While the EU is not one of the seven countries (that’s the UK, France, Italy, Canada, US, Germany and Japan), the trading bloc has been invited as a guest alongside leaders from Australia, India, South Korea and South Africa to discuss issues such as the coronavirus pandemic and climate change. The United Nations have been invited in a similar capacity.

Despite the prime minister inviting these extra countries to “intensify cooperation between the world’s democratic and technologically advanced nations”, Leave voters are still upset that the EU presidents are walking on the sandy coast of Cornwall.

Thankfully, there are people on Twitter to take down some of their arguments, and we’ve rounded up some of the best ones below.

1. They were elected, actually…

Making a return from the 2016 referendum debate, people are still arguing that the presidents are unelected, which isn’t exactly true.

As the European Parliament website states: “Member states nominate a candidate for the post [of president of the European Commission, but] … Parliament needs to approve the new Commission president by an absolute majority (half of the existing MEPs plus one).”

Meanwhile, the European Council president is elected by its members, who are leaders of the member countries.

While we may not be the ones casting the votes in either instance, the people who are, are people whom we’ve voted for – either directly (in the case of MEPs), or indirectly (in terms of the UK prime minister, as we vote for constituency MPs). At this point, the ‘unelected’ argument gets a little bit hazy.

2. Okay, but if you’re really upset about unelected officials, then what about the Queen?

People angry about Ursula von der Leyen and Charles Michel’s attendance may have forgotten that the Queen, Prince Charles and the Duchess of Cornwall held a royal reception for the world leaders on Friday, and they are simply born into the Royal Family.

If someone’s going to have a go about the EU being represented by ‘unelected bureaucrats’, then they should really look a little closer to home.

3. The Eden Project would not have existed without EU funding

Oh, and that royal reception took place at the Eden Project, by the way – an initiative which was funded in part by the European Union.

According to the project’s official website, £37.5 million was given to them by the Millennium Commission, while other funders included the Southwest Regional Development Agency and the EU. Around £50 million was contributed between them, with more than half (£26 million) from the EU towards capital funding.

4. They’ve been invited to the G7 for decades

Sometimes one wonders if people are only taking issue with the EU after we’ve left the bloc, as the European Union has been invited along to the G7 since 1977 without the furore we’re currently seeing from Brexiteers.

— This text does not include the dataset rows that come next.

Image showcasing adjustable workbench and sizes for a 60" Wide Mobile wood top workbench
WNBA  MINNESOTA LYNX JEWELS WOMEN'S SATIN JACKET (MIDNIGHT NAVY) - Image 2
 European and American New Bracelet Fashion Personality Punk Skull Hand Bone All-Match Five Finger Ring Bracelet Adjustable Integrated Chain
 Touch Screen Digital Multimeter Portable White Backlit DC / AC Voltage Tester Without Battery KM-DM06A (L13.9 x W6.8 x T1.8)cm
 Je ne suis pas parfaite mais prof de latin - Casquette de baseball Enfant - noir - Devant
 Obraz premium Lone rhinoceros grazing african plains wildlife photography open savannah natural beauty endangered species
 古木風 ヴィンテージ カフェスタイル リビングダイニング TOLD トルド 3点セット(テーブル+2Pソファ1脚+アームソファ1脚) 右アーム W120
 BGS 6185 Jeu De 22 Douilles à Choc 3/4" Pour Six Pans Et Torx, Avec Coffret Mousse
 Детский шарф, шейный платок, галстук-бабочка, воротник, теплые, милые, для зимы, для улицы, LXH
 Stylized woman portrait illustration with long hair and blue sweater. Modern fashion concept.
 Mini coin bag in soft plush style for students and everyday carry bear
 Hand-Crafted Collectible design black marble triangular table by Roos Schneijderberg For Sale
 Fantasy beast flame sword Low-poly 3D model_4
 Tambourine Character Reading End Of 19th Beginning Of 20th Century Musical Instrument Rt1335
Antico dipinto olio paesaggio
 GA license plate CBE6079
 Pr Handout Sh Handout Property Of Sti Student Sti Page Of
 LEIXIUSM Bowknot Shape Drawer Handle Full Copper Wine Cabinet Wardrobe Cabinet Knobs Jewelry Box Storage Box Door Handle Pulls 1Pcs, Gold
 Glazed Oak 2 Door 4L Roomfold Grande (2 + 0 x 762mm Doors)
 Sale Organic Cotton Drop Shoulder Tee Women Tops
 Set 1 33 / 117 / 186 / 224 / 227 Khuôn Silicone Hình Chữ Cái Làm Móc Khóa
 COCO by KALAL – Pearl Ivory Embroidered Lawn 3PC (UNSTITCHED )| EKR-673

The EU’s first time attending the summit was also at a point when the UK was hosting. Then-Commission president Roy Jenkins attended what was the third G7 summit, taking place in London.

If the EU can attend decades of summits without an issue, then their invitation to come along to this year’s G7 shouldn’t be a problem.

5. If we’re unhappy with the EU being invited along, we could just leave the G7 too

After all, look how easy that was to do last time, right?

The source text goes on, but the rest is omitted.